A.C.O.D. is funny, wise, and entertaining viewing for media-wise adults, which upholds true love, family ties, forgiveness, and first marriages as ideals. However, extreme caution is advised because of strong foul language and brief lewd content. Eliminating and drastically cutting down this objectionable content would have made A.C.O.D. much more accessible to a wider audience.

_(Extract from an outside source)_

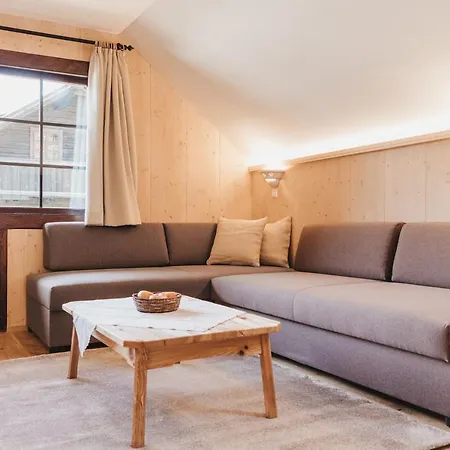 Parco vacanze Naturel Hoteldorf Schoenleitn 4*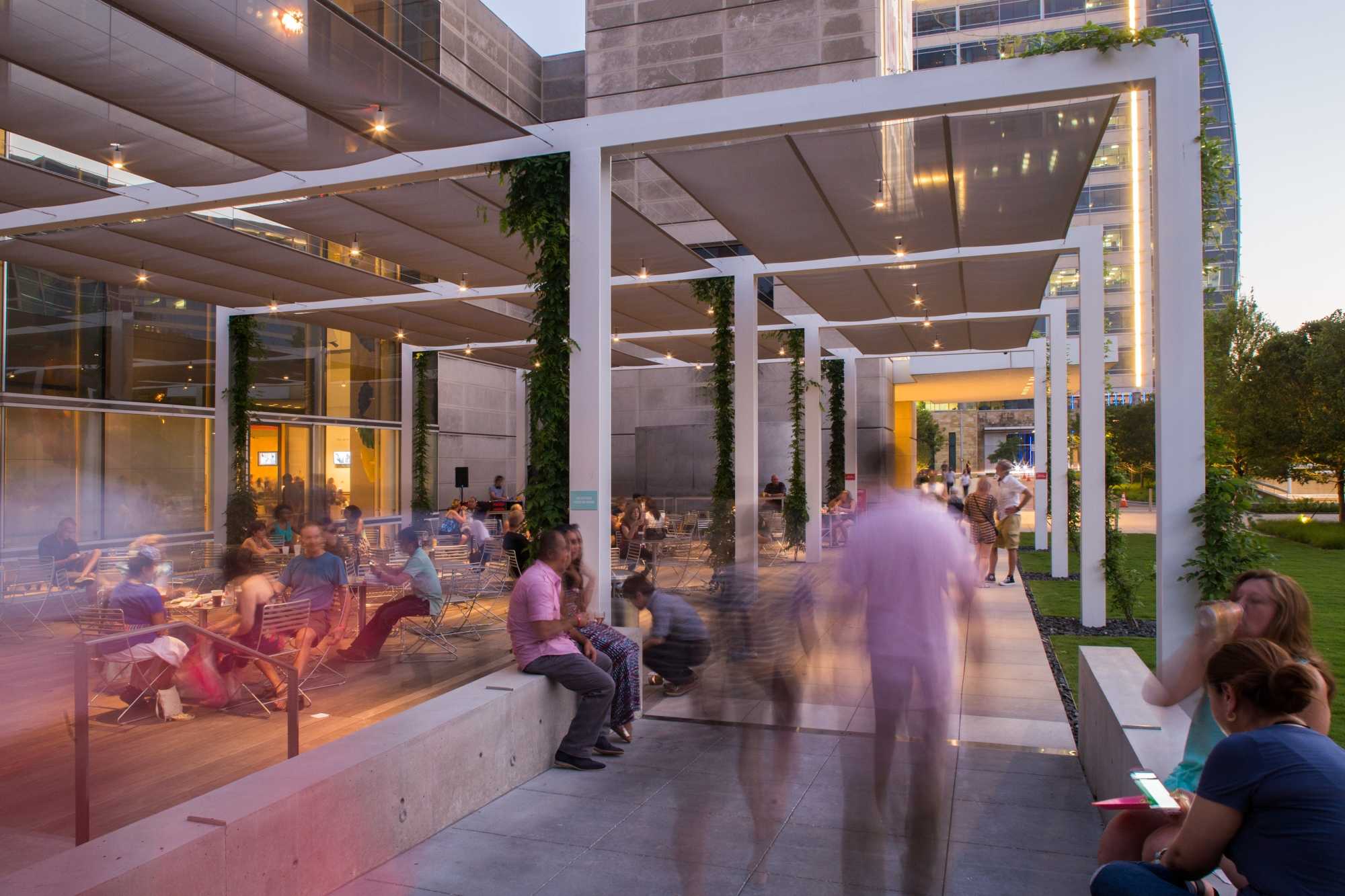 达拉斯艺术博物馆户外咖啡馆丨美国达拉斯丨Studio Outside 和 Hocker 设计团队-9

A.C.O.D., which means Adult Children of Divorce, stars Adam Scott of NBC’s sitcom PARKS AND RECREATION. Scott plays Carter, a young restaurant owner who’s become a control freak and a commitment-phobe after seeing his parents being married three times each. Carter’s been stringing along his girlfriend for four years. His younger brother, Trey, suddenly announces his engagement to a woman he’s only known for four months. Trey asks Carter to force their divorced parents to reconcile in time for Trey’s wedding. Carter’s attempt to fulfill his brother’s wishes results in a shocking, comical turn of events that turns Carter’s world upside down.
A.C.O.D. has a great script providing lots of laughs, including many smart, clever jokes. The veteran cast successfully meets the challenge by providing indelible character portrayals. A.C.O.D. has a strong Romantic worldview, but there’s a moral undertone that grows stronger as the movie goes along. The ending surprisingly extols true marital love, family ties, forgiveness, and first marriages. However, there’s too much foul language as well as other brief lewd content in A.C.O.D. So, MOVIEGUIDE® advises extreme caution.